• What is expected:
Give every line of the records exactly, please, from the first up to and including the one containing "Skins DLC Import".

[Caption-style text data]
• • •

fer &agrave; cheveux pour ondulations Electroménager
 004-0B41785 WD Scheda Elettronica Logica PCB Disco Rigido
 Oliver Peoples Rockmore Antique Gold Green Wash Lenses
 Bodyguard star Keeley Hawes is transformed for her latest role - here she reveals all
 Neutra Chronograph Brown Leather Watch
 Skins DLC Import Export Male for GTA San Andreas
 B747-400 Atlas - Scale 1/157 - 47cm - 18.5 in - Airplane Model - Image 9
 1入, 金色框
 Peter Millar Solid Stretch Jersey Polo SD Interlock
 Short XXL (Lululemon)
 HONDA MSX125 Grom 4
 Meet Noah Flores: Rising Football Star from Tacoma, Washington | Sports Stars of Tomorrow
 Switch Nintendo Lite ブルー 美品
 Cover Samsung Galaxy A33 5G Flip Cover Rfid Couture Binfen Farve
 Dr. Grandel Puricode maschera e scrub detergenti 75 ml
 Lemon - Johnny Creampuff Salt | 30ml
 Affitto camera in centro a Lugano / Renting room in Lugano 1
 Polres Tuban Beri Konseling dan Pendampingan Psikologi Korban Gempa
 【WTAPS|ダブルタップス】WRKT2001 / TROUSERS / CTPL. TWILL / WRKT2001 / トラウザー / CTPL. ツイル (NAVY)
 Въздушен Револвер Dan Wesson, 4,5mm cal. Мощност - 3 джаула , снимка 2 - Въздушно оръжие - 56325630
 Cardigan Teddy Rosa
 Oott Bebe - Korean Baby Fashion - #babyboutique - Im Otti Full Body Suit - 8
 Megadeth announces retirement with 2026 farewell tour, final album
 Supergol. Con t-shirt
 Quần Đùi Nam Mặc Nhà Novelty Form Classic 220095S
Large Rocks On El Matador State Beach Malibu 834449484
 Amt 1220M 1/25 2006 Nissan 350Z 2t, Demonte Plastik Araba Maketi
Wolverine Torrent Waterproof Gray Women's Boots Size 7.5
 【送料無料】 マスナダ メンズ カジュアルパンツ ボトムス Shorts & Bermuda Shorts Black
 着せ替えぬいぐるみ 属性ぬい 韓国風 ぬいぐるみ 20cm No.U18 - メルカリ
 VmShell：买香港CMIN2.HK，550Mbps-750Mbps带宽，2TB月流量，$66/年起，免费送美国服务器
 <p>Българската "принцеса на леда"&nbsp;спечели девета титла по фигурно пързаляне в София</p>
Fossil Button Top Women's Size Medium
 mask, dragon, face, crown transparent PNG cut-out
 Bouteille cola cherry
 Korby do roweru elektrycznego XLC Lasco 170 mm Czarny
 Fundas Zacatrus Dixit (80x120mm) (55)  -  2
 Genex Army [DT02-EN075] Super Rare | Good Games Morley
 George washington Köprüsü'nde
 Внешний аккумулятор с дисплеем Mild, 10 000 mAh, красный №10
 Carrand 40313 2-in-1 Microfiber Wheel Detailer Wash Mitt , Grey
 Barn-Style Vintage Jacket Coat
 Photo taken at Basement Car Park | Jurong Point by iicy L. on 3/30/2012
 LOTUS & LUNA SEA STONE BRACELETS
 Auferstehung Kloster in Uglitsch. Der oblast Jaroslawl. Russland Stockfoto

• • •

• Response to the exercise:
fer &agrave; cheveux pour ondulations Electroménager
 004-0B41785 WD Scheda Elettronica Logica PCB Disco Rigido
 Oliver Peoples Rockmore Antique Gold Green Wash Lenses
 Bodyguard star Keeley Hawes is transformed for her latest role - here she reveals all
 Neutra Chronograph Brown Leather Watch
 Skins DLC Import Export Male for GTA San Andreas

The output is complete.